Une riveraine montre des capsules de grenades lacrymogènes trouvées par terre© Capture d'écran France TV
Une riveraine montre des capsules de grenades lacrymogènes trouvées par terre

Les habitants de Calais vivant à proximité de la route de Gravelines, où les migrants tentent de monter dans des camions et affrontent les forces de l’ordre, sont aujourd’hui en détresse face à cette situation.

Le collectif les Calaisiens en Colère, qui regroupe des habitants de la ville et de la région opposés à la présence de plus en plus importante des migrants sur Calais (le camp de la «Jungle» compte plus de 6 000 résidents), est allé à la rencontre d’une riveraine, victime collatérale des affrontements de la nuit dernière.

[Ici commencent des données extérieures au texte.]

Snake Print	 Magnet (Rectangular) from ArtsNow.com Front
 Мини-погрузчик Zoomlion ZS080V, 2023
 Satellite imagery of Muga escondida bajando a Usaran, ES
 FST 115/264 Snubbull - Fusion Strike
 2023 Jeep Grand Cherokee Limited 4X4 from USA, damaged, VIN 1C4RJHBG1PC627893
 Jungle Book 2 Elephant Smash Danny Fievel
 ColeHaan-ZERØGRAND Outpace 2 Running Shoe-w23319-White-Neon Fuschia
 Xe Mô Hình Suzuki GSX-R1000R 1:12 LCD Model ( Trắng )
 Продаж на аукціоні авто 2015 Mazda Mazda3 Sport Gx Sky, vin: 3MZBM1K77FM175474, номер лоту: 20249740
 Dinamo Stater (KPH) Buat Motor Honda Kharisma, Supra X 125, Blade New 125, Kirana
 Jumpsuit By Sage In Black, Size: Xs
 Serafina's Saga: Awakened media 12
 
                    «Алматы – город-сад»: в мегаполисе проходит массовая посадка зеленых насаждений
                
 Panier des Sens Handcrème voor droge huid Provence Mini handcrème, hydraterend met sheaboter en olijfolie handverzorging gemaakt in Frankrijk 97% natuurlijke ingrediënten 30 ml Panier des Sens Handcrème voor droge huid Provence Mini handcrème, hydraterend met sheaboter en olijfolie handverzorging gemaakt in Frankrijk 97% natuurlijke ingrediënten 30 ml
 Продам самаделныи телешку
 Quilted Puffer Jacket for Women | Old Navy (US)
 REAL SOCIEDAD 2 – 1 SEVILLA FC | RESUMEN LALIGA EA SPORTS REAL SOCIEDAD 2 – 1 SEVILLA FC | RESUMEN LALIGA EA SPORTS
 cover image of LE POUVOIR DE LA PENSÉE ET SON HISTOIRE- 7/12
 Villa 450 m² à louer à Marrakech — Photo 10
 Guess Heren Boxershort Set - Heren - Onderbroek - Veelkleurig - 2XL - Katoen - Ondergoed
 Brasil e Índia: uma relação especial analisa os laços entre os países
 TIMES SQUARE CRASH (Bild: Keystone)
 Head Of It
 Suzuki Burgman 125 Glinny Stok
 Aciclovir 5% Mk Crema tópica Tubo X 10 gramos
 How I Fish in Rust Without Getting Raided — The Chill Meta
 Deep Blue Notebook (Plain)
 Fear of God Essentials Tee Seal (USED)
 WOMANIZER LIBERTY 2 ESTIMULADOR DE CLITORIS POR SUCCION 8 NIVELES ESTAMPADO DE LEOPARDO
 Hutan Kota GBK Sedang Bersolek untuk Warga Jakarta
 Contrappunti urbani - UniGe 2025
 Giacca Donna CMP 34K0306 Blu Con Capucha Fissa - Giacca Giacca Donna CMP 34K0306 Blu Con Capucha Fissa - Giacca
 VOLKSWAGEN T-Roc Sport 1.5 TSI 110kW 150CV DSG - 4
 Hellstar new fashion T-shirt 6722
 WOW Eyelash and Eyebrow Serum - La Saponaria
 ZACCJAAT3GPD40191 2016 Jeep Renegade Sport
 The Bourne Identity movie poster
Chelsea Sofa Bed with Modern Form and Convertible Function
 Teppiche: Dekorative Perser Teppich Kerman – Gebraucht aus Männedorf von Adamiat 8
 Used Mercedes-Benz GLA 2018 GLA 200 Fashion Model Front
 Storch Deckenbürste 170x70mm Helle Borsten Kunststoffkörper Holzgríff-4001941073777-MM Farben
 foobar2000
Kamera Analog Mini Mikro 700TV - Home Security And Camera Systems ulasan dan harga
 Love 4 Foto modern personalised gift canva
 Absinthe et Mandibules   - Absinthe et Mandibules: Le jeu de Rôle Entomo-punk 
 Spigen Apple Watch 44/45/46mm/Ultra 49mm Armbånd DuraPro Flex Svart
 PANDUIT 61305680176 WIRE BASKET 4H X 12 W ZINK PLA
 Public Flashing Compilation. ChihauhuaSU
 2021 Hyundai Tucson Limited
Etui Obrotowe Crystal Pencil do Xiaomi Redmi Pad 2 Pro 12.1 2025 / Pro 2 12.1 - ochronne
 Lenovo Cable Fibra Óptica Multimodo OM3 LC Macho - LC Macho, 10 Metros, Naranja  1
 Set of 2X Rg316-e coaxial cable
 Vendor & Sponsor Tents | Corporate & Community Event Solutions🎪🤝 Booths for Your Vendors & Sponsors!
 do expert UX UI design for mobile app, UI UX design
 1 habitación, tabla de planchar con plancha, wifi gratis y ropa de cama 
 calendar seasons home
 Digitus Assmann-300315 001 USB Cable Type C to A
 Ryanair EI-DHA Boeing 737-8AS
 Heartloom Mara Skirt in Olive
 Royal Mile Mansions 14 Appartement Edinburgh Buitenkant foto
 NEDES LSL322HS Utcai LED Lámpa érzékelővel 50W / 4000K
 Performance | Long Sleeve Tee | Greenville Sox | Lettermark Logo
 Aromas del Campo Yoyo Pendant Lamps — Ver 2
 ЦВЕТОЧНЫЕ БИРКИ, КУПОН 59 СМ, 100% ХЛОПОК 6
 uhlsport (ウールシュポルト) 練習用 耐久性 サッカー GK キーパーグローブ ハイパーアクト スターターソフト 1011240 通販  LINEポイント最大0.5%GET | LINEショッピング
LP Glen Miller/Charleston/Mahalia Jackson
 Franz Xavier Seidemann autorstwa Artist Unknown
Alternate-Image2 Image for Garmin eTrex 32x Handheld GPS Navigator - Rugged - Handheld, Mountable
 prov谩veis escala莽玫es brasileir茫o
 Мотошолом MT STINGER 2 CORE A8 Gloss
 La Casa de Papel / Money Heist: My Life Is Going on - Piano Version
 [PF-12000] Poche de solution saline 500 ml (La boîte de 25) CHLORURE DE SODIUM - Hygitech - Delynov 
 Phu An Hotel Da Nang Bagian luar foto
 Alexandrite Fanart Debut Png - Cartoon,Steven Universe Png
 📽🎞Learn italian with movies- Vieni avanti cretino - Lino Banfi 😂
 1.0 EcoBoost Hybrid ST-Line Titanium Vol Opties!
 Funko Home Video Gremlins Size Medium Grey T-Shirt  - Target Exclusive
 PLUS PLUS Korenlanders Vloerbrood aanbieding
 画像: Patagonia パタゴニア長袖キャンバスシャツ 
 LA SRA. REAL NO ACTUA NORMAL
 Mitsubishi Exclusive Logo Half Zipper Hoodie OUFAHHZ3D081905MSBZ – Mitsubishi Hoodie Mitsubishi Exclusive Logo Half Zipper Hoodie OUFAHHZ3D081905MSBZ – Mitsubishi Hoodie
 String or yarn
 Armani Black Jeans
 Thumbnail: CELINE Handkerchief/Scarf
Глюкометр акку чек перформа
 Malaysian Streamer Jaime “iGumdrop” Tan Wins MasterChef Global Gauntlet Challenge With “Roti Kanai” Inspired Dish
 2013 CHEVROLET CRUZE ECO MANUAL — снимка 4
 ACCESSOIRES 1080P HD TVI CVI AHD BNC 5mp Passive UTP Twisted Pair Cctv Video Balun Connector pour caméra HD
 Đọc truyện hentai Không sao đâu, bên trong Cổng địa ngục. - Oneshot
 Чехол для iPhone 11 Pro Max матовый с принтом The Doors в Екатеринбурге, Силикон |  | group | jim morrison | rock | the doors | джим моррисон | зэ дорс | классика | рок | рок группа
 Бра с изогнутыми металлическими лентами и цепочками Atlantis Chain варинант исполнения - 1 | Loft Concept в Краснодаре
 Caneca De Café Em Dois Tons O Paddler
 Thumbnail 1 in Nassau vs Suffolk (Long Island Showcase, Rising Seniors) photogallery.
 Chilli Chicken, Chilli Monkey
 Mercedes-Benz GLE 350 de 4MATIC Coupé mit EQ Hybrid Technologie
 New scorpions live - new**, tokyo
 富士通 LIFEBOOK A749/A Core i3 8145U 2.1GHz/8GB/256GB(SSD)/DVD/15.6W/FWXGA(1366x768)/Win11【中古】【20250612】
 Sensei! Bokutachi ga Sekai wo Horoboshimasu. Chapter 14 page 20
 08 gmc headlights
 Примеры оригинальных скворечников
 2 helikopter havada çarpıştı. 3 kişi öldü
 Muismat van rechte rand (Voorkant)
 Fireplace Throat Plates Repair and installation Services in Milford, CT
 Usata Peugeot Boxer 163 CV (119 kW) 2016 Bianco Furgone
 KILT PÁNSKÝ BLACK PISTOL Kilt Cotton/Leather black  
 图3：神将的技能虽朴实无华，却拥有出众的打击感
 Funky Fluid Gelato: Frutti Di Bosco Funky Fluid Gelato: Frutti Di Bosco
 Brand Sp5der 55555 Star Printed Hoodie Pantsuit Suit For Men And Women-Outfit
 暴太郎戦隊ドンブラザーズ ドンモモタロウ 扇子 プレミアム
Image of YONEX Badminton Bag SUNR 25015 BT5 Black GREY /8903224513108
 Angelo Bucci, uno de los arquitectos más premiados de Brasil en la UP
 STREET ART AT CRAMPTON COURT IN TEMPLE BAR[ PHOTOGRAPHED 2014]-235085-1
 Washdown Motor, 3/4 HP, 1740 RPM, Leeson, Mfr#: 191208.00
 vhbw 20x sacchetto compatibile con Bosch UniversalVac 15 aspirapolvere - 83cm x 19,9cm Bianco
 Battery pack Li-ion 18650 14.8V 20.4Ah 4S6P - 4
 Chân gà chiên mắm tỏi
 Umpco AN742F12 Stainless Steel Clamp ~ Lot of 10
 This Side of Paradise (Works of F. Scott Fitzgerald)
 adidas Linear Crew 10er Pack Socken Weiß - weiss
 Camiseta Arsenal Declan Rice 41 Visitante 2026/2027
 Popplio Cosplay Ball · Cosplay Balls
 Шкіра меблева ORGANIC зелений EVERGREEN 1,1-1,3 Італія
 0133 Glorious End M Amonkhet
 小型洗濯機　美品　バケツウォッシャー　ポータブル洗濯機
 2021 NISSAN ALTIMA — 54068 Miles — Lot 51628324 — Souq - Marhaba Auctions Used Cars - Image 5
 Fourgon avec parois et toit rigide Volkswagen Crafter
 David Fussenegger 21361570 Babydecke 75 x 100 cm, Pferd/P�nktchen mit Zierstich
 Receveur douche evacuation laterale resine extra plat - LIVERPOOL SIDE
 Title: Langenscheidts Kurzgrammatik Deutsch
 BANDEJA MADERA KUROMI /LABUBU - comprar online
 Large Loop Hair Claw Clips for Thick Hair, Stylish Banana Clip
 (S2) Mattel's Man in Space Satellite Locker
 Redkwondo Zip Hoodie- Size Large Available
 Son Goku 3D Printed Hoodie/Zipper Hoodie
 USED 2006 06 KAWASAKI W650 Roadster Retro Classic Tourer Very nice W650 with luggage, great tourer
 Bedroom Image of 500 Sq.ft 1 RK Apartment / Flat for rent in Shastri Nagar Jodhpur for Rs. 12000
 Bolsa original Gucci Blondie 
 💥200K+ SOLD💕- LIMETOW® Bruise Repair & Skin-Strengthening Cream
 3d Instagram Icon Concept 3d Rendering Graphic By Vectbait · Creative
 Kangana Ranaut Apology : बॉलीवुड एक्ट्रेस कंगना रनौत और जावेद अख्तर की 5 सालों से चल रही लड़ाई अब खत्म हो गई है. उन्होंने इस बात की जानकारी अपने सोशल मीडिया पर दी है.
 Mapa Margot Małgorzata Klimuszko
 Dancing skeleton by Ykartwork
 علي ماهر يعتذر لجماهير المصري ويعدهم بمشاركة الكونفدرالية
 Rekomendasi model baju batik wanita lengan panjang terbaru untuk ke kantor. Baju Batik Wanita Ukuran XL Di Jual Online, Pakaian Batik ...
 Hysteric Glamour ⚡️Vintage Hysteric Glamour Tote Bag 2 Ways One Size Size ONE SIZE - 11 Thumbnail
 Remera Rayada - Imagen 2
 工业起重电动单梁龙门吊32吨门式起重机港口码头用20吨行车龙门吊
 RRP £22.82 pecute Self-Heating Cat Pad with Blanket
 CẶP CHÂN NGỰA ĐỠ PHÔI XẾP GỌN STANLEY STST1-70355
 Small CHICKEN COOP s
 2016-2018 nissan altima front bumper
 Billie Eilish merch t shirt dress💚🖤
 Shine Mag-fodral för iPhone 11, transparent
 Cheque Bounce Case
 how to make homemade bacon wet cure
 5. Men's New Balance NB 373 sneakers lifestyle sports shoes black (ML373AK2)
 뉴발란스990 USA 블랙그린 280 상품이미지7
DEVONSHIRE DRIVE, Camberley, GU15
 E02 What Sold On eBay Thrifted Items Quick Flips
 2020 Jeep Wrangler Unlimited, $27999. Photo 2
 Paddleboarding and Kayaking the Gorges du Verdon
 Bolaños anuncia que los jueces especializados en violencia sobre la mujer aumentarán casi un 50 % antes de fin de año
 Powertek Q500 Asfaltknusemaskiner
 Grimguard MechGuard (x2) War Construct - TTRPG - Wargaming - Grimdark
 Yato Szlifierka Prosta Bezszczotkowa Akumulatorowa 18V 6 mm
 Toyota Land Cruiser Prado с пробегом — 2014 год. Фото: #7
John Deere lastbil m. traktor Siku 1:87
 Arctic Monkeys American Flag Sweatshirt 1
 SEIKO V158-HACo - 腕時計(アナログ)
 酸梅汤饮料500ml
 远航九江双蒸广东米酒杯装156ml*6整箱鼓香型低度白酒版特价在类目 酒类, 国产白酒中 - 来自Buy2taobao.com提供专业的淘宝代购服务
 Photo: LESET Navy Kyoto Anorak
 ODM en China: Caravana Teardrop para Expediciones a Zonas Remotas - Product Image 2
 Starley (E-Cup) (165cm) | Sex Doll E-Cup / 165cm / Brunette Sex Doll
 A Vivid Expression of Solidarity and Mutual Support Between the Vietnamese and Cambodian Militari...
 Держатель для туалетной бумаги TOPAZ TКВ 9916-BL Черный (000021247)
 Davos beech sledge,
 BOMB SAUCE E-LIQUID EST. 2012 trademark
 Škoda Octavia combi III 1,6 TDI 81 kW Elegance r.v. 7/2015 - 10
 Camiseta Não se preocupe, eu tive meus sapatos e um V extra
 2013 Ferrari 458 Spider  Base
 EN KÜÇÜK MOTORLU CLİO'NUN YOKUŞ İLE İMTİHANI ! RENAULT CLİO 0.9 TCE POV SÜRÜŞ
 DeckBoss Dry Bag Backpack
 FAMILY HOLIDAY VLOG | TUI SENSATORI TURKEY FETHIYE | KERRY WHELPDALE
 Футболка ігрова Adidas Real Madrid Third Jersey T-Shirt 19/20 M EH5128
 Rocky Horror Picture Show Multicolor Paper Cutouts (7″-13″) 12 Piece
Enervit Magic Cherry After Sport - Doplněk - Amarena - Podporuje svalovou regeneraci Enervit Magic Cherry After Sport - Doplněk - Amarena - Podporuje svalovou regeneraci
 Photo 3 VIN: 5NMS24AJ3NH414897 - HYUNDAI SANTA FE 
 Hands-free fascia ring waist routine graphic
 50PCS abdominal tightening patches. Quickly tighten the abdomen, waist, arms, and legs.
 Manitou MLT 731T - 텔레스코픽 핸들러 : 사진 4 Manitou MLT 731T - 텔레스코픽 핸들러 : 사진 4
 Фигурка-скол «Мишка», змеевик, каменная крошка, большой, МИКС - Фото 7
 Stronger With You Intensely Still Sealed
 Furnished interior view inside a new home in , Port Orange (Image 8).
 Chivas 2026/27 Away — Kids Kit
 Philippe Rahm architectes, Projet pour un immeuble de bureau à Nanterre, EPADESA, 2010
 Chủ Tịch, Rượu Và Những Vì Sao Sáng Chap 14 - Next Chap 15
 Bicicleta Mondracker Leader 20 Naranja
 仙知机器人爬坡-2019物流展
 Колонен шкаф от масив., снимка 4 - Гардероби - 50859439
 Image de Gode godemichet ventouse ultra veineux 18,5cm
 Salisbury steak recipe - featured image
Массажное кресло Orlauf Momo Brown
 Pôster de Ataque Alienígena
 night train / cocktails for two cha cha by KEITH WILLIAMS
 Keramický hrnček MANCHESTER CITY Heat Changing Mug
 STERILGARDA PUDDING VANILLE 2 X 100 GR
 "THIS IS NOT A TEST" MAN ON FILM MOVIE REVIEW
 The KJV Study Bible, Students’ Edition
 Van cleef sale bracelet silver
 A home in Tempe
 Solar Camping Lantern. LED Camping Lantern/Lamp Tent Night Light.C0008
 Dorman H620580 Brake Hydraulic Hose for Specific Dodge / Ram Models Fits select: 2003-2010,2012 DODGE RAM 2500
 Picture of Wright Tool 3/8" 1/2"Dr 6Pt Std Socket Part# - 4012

Aujourd'hui les Calaisiens en Colère étaient Route de Gravelines pour constater les dégâts et allaient à la rencontre des riverains. Les clandestins et no borders sont cachés dans leurs écharpes.

Posted by Les Calaisiens en Colère on Tuesday, November 10, 2015

  Pierres lancées sur les voitures, palissades et boîte aux lettres arrachées, grenades lacrymogènes jonchant le sol (plus de 350 grenades ont été utilisées)… Les stigmates de la nuit sont toujours visibles ce mardi matin. La riveraine interrogée, qui est locataire dans le lotissement depuis un mois, a décidé d’aller dormir chez sa mère avec ses enfants le temps que la situation se calme : «Je suis chez moi ? Et bien non, je ne suis pas chez moi. Je suis obligée de quitter ma maison pour aller chez ma mère, être en sécurité avec mes enfants, et dormir profondément au moins une nuit».

Interview exclusive d'une riveraine avec les larmes aux yeux ,par les Calaisiens en Colère, qui nous explique la nuit...

Posted by Les Calaisiens en Colère on Tuesday, November 10, 2015

«Je vous confirme qu’ils [les migrants] s’en prennent aux riverains», affirme-t-elle dans la vidéo. «Dès qu’ils voient qu’on essaie de filmer ou de se faire entendre, et bien ils s’en prennent à nous. Ils m’ont fait des signes d’égorgement», dit-elle avant de conclure : «Pour moi la guerre civile a déjà démarré, il serait peut-être temps de faire appel à l’armée, il n’y a qu’elle qui puisse nous aider».

Lire aussi : De nouveaux heurts à Calais dans la nuit, 11 policiers blessés


Mais la préfète du Pas-de-Calais, Fabienne Buccio, a d'ores et déjà décidé d'exclure cette option.